From the line containing "2012 Pokemon TCG" down to the line containing "360° Rotating Crystal", copy out the entries below exactly, both lines included, and nothing else; pictures do not belong in the copy.

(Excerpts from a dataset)
^^^^

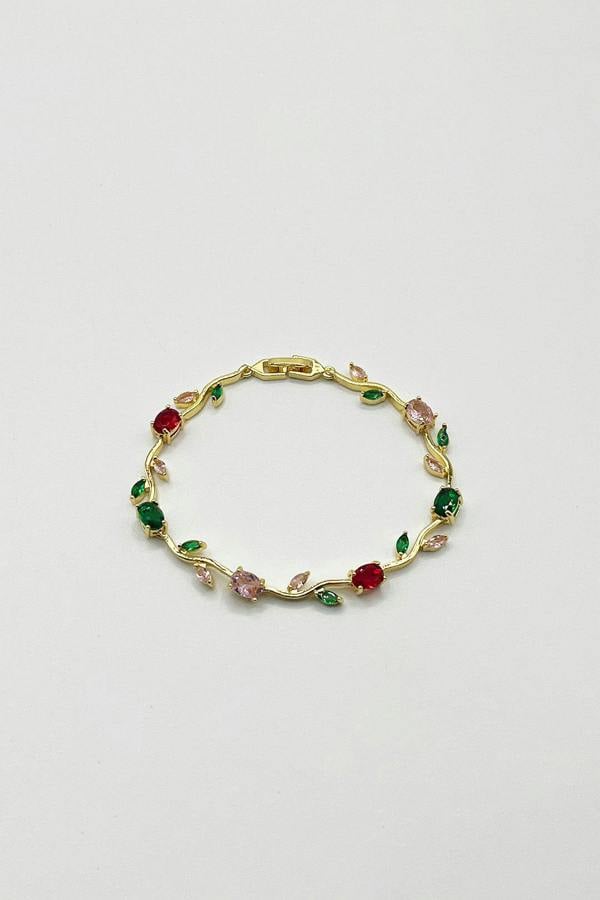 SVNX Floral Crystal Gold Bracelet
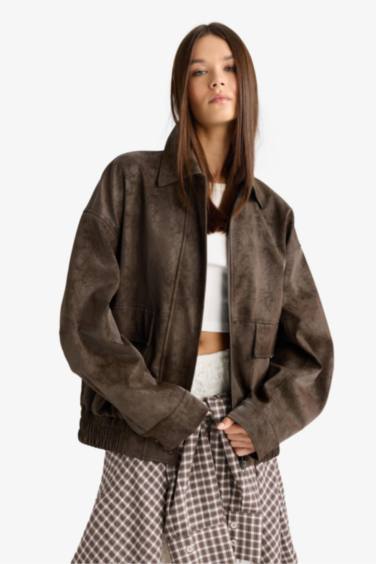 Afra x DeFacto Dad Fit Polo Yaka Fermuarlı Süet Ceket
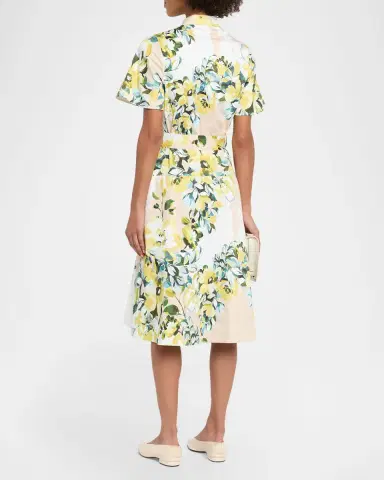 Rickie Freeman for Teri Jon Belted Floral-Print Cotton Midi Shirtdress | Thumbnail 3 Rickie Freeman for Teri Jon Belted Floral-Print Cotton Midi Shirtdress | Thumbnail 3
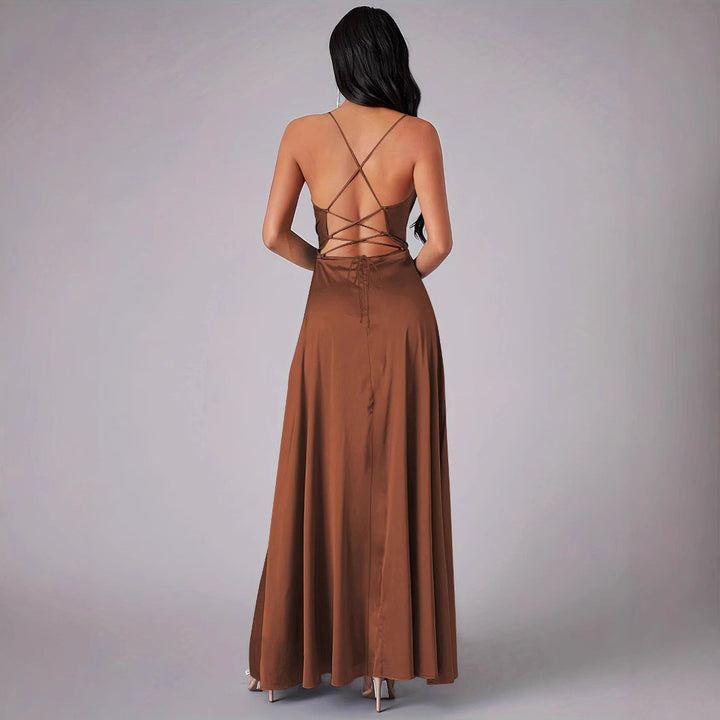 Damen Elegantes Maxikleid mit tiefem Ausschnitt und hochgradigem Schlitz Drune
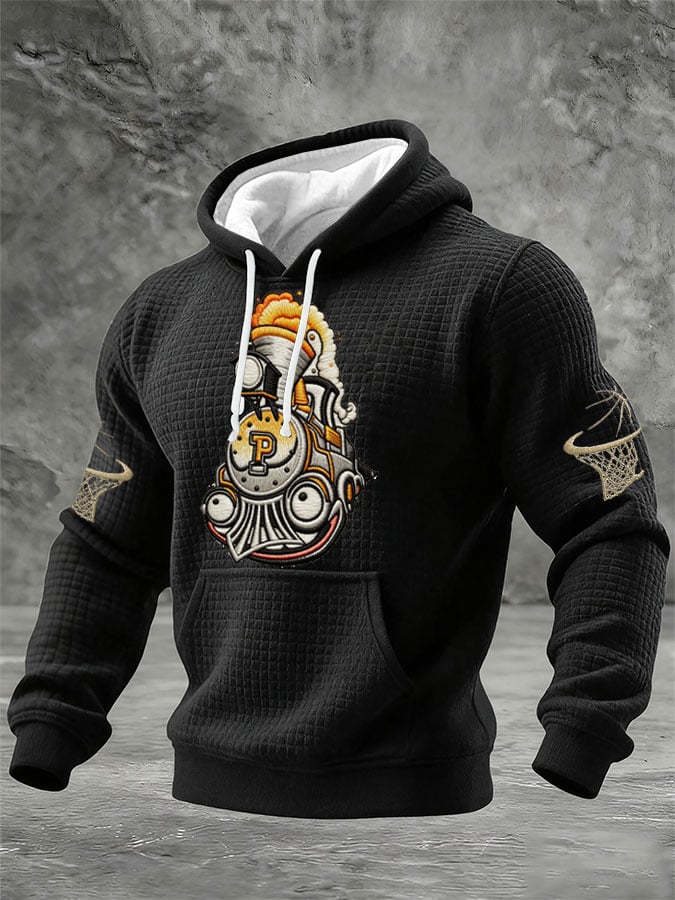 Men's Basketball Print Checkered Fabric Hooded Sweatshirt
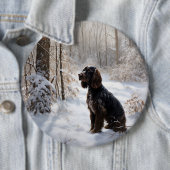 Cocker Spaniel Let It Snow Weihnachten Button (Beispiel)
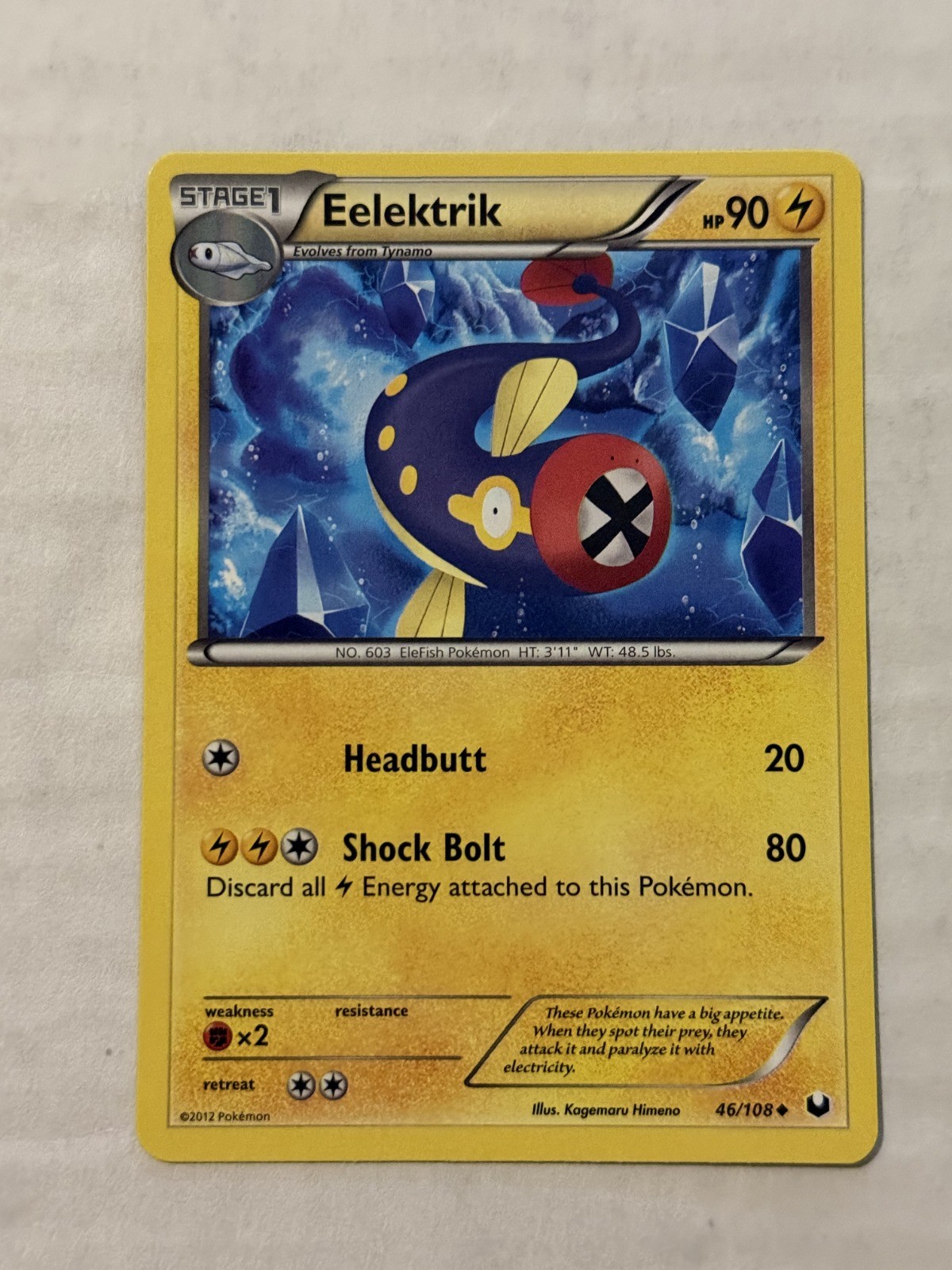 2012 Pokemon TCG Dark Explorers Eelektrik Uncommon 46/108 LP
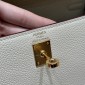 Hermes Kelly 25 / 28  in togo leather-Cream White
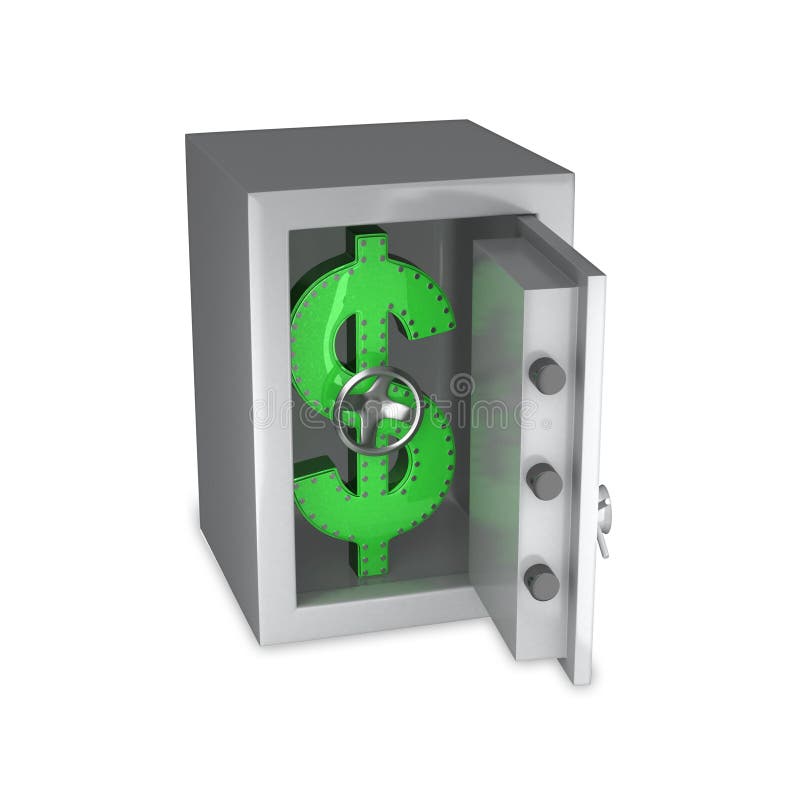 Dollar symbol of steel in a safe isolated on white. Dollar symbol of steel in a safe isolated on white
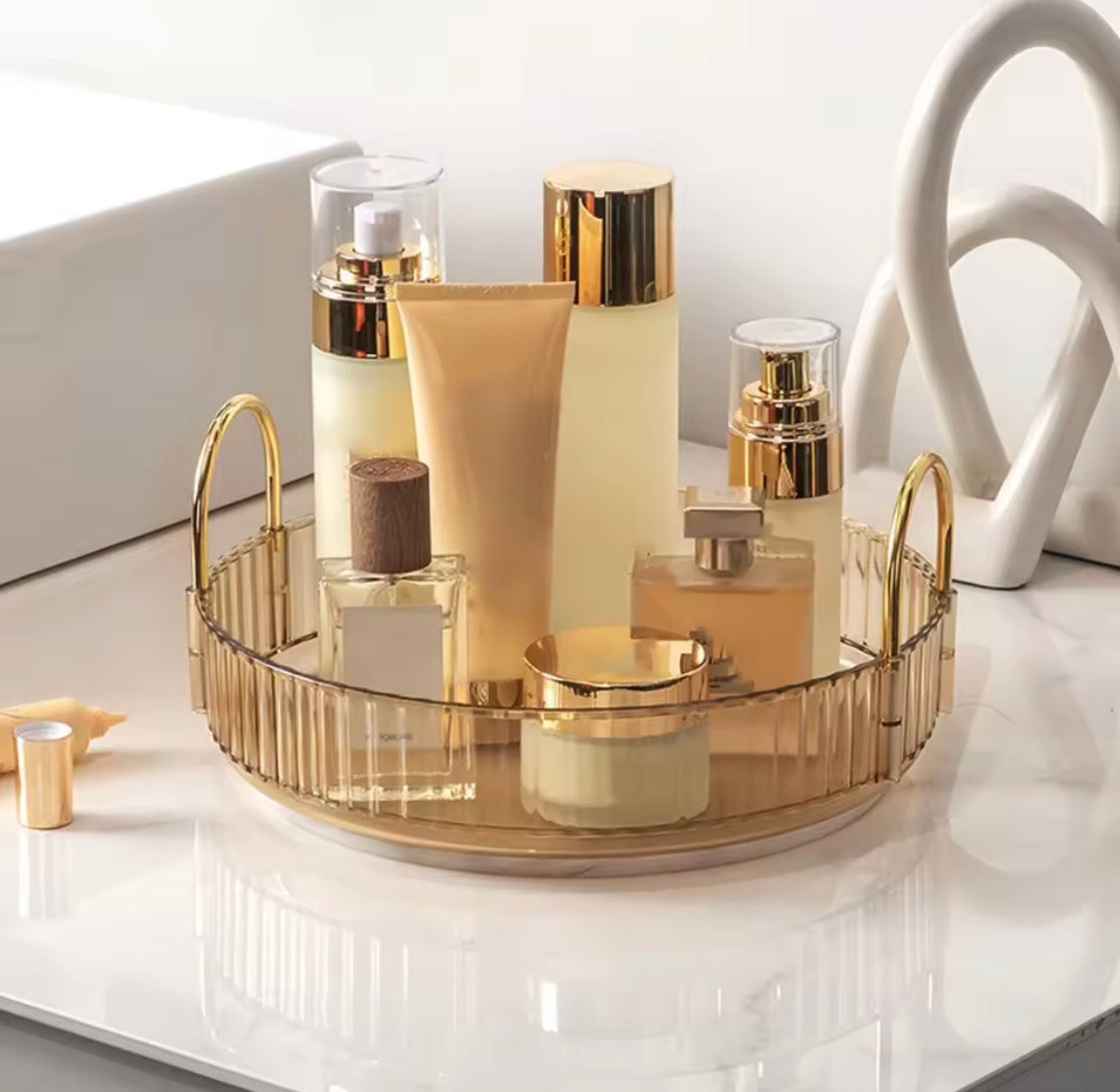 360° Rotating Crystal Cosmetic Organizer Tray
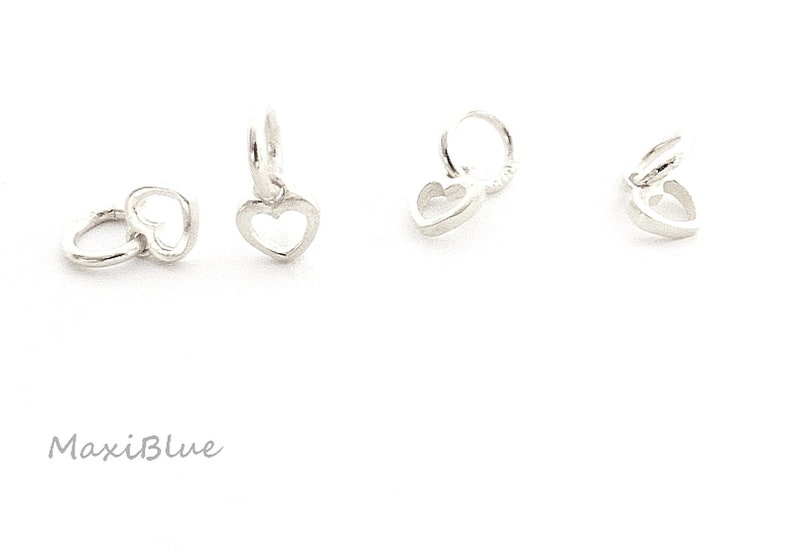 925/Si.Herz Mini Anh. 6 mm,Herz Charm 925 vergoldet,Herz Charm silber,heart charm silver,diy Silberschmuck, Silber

^^^^

▶ _WRITTEN RESPONSE_:
 2012 Pokemon TCG Dark Explorers Eelektrik Uncommon 46/108 LP
 Hermes Kelly 25 / 28  in togo leather-Cream White
 Dollar symbol of steel in a safe isolated on white. Dollar symbol of steel in a safe isolated on white
 360° Rotating Crystal Cosmetic Organizer Tray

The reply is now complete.